The eight-tent lodge — like great Alaska’s two other lodges, one in the bush adjacent to Lake Clark National Park and a bear habitat, another near Resurrection Bay and designed to be reached only by boat for kayakers — is pristine, comfortable and gives families the chance to enjoy the wilderness without all of the work that usually goes with it. The cost is usually half that at the Great Alaska Lodge, a five minute boat ride away. Trips can be arranged by REI or individually.
The camp managers, 26 year-old Taylor Beckley and his wife Adalie work hard to make guests — especially parents and kids — comfortable in the wilderness with special games for kids (how many bugs can you identify) campfires, and Alaska stories. Twenty-nine year-old Ali Hayward, a hotel manager, said she was especially impressed with the level of service. I was too — down to the gourmet fare for meals, complete with wine (chicken kabobs anyone?).
“It doesn’t just f eel like staying at another hotel,” says Jeremy Cozad. “You feel like you have been someplace special.”
That’s exactly what Great Alaska owner Laurence John likes to hear. A former corporate executive who traded Manhattan for Alaska, John has spent the past 25 years turning a rustic fishing lodge into a company that can satisfy all un-cruisers — families , adventurers, eco travelers as well as serious fisherman.
They can stay at the lodge or the less expensive wilderness camps, including the even more rustic one that is designed for kayakers. They can visit the bush to see bears, tour Kenai Fjords National Park, fish till they drop (it stays light until nearly midnight) hike, mountain bike and more. “Everything is within 100 miles,” he explains. “It is an amazing part of Alaska.”
I couldn’t agree more — and what luck for any parent who has dealt with a bored child on a too-long car/train/ boat ride. Sure there are serious fishermen who come from around the world and serious adventure travelers. “But we want to reach the other 90 per cent,” he tells me in the comfortable lodge.

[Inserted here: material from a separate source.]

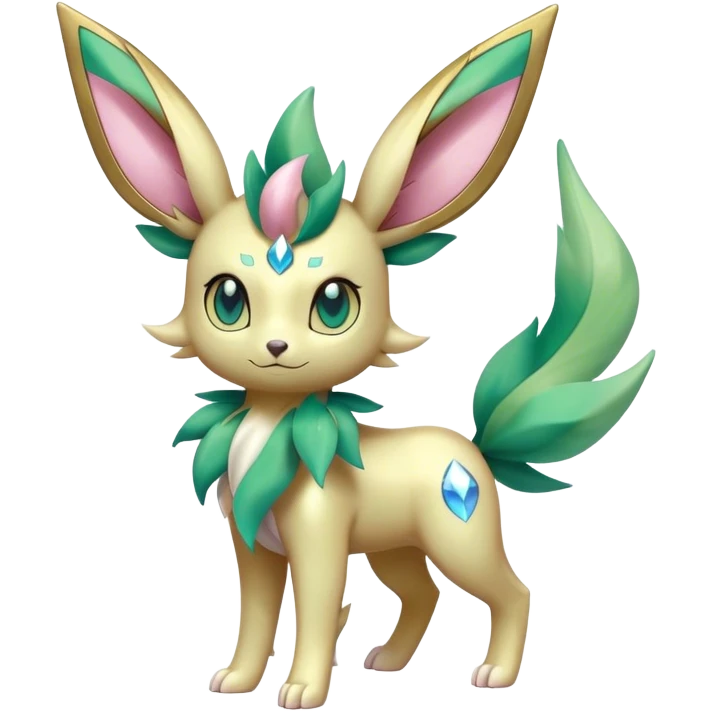 Shiny Cool Sparkly Cute Ethereal Leafeon-Sylveon-Fakemon-hybrid-fusion- full body emoji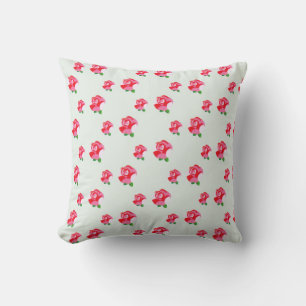 Rose Flowers Botanical Aqua Pink Cushion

The one problem — families don’t often realize what they really want until they get here, he says. They don’t know that they are going to have trouble prying the kids away from the salmon fishing right on the beach and themselves from the decks looking out on the pristine river. “We can customize it any way you want,” he says. And that’s rare these days.
Tourism is down in Alaska significantly this year just as it is everywhere else but at the same time Alaska is on every family’s to-do list — it is part of our country after all, and there is nowhere better to get a slice of the last wilderness than here, I’m convinced.
It is 11:30 p.m. and barely dusk. The kids are still fishing. The guides are still helping them. What more can I ask for?